#### TASK TO COMPLETE
Transcribe the data as written, minus images.

#### Records from a collection

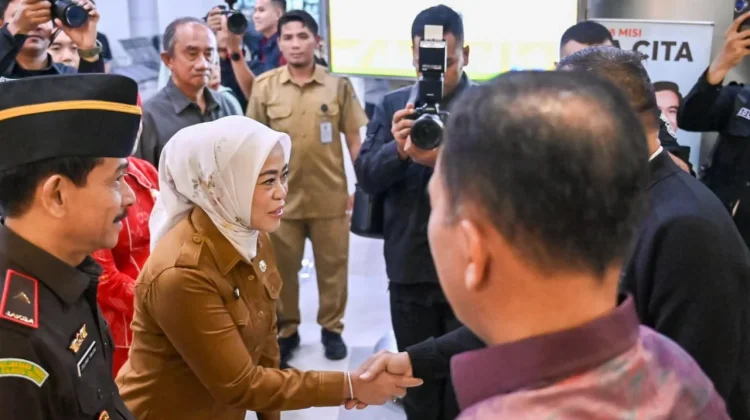 Sekprov Sulteng Sambut Kedatangan Kapolda Baru Brigjen Pol. Nasri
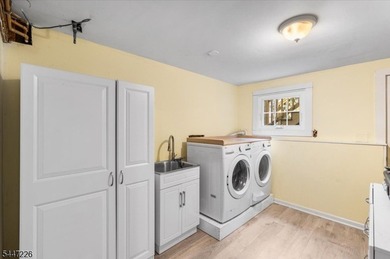 Updated & move-in ready: spacious, well-maintained 4-bedroom - photo 24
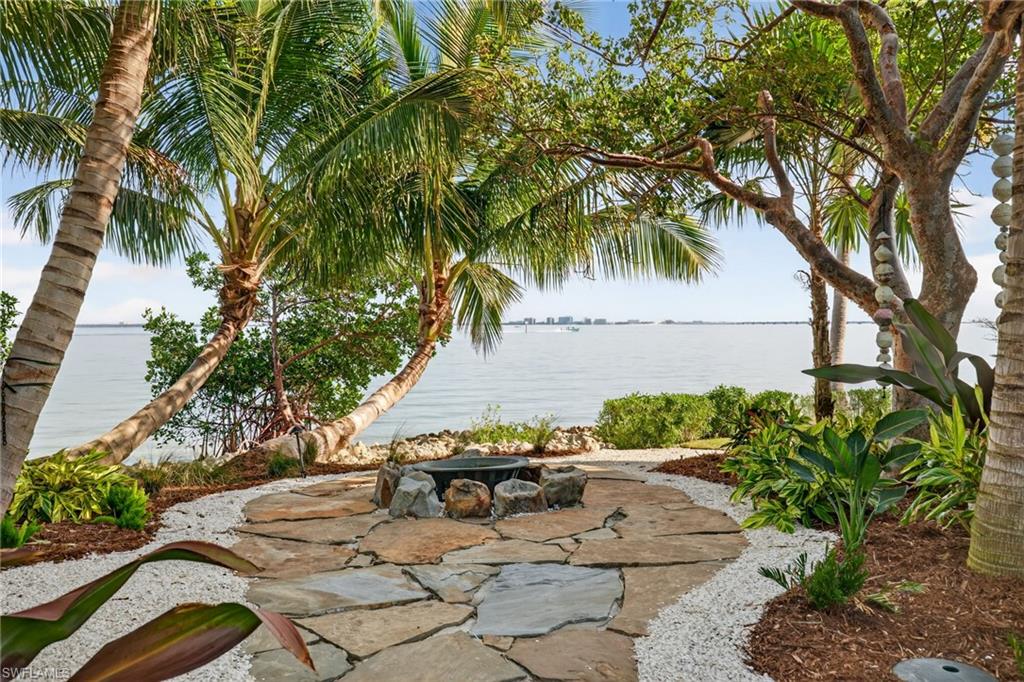 SANIBEL ISLES - Residential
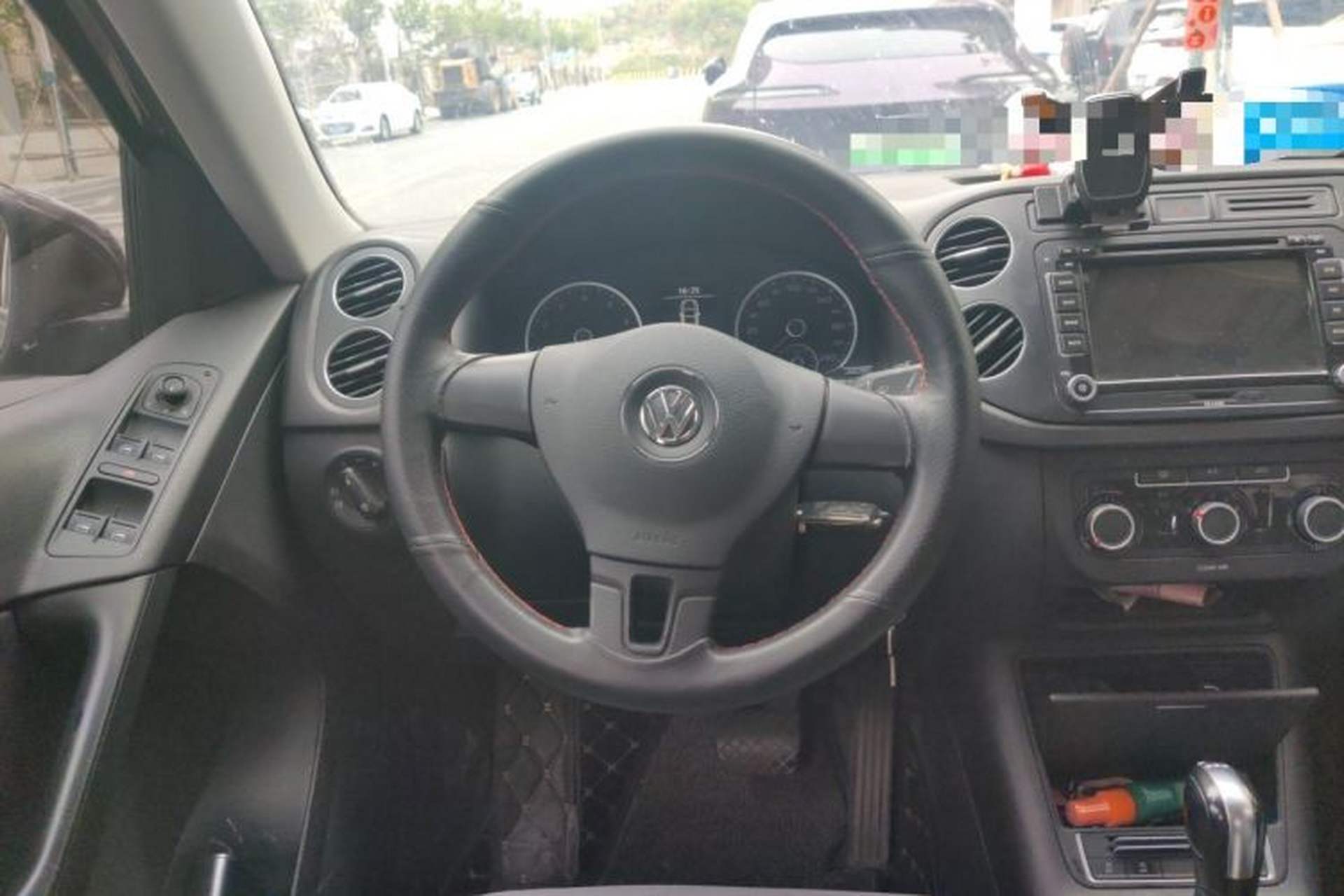Used Volkswagen Tiguan 2016 280TSI Automatic Two-Wheel-Drive Silk Road Style Edition Steering Wheel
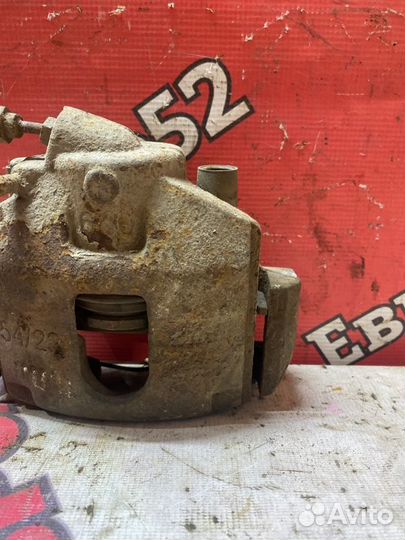 Суппорт тормозной передний правый Ford Fusion 1.4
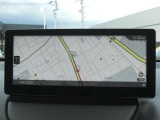 マツダコネクトの8.8インチワイドセンターディスプレイです。『Android Auto』『Apple CarPlay』や独自のコネクテッドサービスに対応したインターフェイスシステムです。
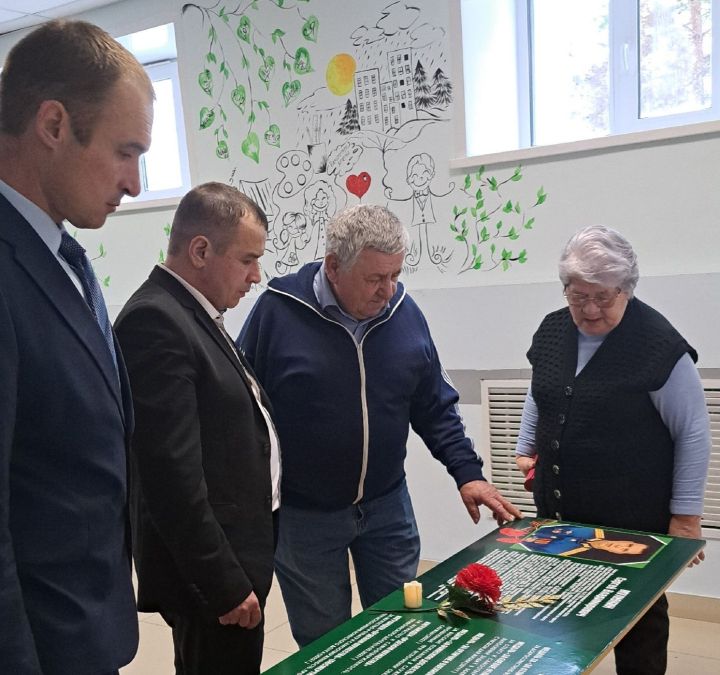 В Сюкеевской школе открыли «Парту Героя» имени героя СВО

#### REPLY
 Sekprov Sulteng Sambut Kedatangan Kapolda Baru Brigjen Pol. Nasri
 Updated & move-in ready: spacious, well-maintained 4-bedroom - photo 24
 SANIBEL ISLES - Residential
Used Volkswagen Tiguan 2016 280TSI Automatic Two-Wheel-Drive Silk Road Style Edition Steering Wheel
 Суппорт тормозной передний правый Ford Fusion 1.4
 マツダコネクトの8.8インチワイドセンターディスプレイです。『Android Auto』『Apple CarPlay』や独自のコネクテッドサービスに対応したインターフェイスシステムです。
 В Сюкеевской школе открыли «Парту Героя» имени героя СВО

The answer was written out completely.